My sister -in-law noticed a stray kitten, about 7 months old, had "adopted" their house... this poor thing was VERY SKINNY.... She brought her to the vet--- just a mites problem-- but no other bad parasite/problems... It has been amazing to watch this kitten FATTEN UP!! I go to sis-in-laws house on Thursdays & Fridays, to let my almost 5 year old to play with her daughter.. Since Day ONE of seeing kitterton(her children named the cat-cute name, huh?!), she seemed to be aware of me, come over & DEMAND I PET HER... I thought she does this to everyone.........

Well-- now it has been 3 months, & the VERY SMART CAT _must_ know my scheduled time to come to her house, & this is how she greets me

My sis-in-law says Kitterton stops what she is doing when she hears my 67 LEmans roar down their street--anouncing my arrival--- and there she is,waiting for me... I have to hurry or she will start mewwing(a crying sound).... then upon opening door, she grabs my legs with her paws-- this is my signal to sit or pick her up NOW OR ELSE(SHE WILL CLIMB UP MY LEG I HAVE SCRATCH MARKS FROM PREVIOUS ENCOUNTERS)
then she purrrrrrrrrssssssssssssssssssssssss so loudly... She HAS TO BE right under my leftside of my neck---it tickles cause she purrs and breaths on my neck I am soooo sensitive....


The weird thing is I am the only one she does this to... not my sis-inlaw, not her chldren... no other strangers.......... 

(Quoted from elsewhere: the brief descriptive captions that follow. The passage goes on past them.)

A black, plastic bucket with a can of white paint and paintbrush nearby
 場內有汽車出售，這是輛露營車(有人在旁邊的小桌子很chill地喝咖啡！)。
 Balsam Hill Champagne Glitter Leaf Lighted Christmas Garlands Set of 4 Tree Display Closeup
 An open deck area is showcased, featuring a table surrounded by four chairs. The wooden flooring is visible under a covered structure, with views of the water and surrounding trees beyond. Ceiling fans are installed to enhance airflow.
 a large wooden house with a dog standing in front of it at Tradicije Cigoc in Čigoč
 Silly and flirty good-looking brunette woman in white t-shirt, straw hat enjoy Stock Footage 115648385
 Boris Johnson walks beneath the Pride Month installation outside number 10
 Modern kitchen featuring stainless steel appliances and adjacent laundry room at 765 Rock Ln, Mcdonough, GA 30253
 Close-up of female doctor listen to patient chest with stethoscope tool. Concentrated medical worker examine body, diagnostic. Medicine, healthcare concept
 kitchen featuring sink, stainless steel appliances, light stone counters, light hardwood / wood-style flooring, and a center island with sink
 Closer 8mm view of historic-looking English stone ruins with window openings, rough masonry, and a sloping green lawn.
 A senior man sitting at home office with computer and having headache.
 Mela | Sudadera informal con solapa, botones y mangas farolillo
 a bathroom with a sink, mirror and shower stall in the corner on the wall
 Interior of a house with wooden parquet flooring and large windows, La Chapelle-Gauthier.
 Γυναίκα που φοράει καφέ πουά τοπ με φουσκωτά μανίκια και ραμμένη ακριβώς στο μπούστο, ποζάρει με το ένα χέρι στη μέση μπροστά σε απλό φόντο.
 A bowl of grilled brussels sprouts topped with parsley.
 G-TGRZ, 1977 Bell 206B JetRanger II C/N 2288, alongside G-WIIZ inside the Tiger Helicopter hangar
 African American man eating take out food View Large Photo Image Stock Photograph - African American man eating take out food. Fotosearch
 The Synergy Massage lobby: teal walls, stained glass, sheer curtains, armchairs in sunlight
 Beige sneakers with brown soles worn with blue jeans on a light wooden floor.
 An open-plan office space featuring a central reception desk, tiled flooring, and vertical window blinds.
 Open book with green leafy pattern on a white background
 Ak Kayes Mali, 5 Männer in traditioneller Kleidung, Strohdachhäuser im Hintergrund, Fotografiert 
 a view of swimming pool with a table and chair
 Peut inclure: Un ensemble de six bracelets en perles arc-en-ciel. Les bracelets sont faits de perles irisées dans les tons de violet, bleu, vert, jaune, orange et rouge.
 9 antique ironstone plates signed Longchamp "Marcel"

Even my sis-in-law didn't believe at first when I told her(I noticed a pattern 2 months ago while babysitting breifly few days in a row) but yesterday, she knew ahead of time to watch--- & sure enough the cat greeted me!!! I just didn't know Kitterton cried waiting for me at the door..... my sis-in-law swears kitterton heared my car several blocks away!!!


----------



## pookie769 (Feb 5, 2005)

That's truly adorable. She really DOES love you best.


----------